Tuesday, April 16, 2013

Don't Mess With Boston

"...I've found it is the small everyday deeds of ordinary folk that keep the darkness at bay... small acts of kindness, and love." -Gandalf the Grey, The Hobbit (the 2012 film version, apologies to the purists)
Copley Square, Boston. Image courtesy 123rf.com, royalty-free stock photos.

I was born in Boston, and grew up there. One of my earliest memories is of being in Copley Square, leaving the Boston Public Library with my mom and sister, and running into my great-grandmother (my father's grandmother) Mabel on the way to the subway. I remember it because she was very old, well into her 90s then, but she was still out and about, on her way to the library from the bus. I remember it, too, because she stopped to talk to us even though it was chilly out, and I remember she looked at the three of us with such great love. I couldn't have been more than 4 or 5 years old. It was a small moment, in the scheme of things, but I rarely went through Copley Square after that without thinking of her.

As a teenager, I hung out in Copley Square frequently after school. I went to movies there, I ate ice cream there, I had pizza there. Hell, I went to the prom in Copley Square. 

After college, when I moved back to Boston, I worked on Boylston Street, a few blocks away from Copley Square proper, and I spent endless hours there after work and on my lunch hour.
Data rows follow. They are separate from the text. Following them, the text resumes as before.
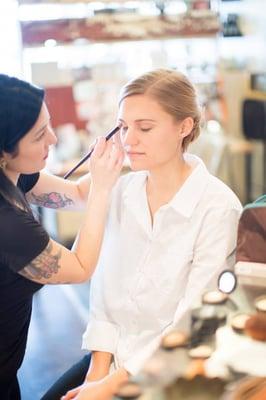 Keely applying makeup for a beautiful bride.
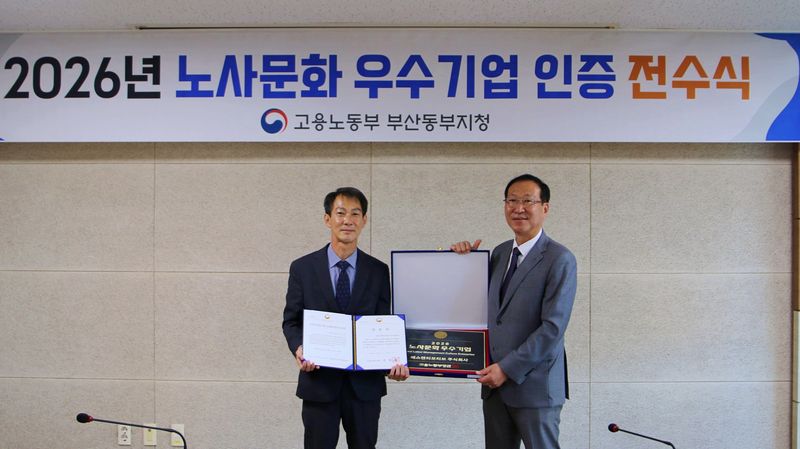 SNT모티브 권형순 대표이사(오른쪽)가 김학수 고용노동부 부산동부지청장에게 인증서를 받은 후 기념촬영을 하고 있다. SNT모티브 제공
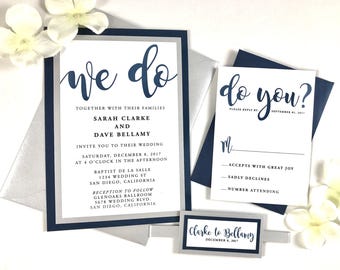 May include: Wedding invitation with navy blue and silver accents. The invitation reads "we do" and includes the names Sarah Clarke and Dave Bellamy, the wedding date, and the location. The RSVP card reads "do you?" and includes a space for the guest to indicate their attendance.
So yesterday, when I saw a tweet that there had been an explosion at the Boston Marathon, and then went to CNN.com to see the mayhem and devastation of a bombing in Copley Square -- I can't put into words how sick I felt. It was akin to seeing my backyard blown up. My backyard, where a friendly neighborhood block party went terribly, horribly, sickeningly wrong.

I'm sick, and I'm enraged. And it is not making me feel any less so that some are using the funerals of people killed in this tragedy as a jumping-off point to make some bizarre religious-political statement. I don't think Jesus would approve!

I can only hope that this horrible tragedy brings people together to build something positive. Boston deserves better than this. We all deserve better than this.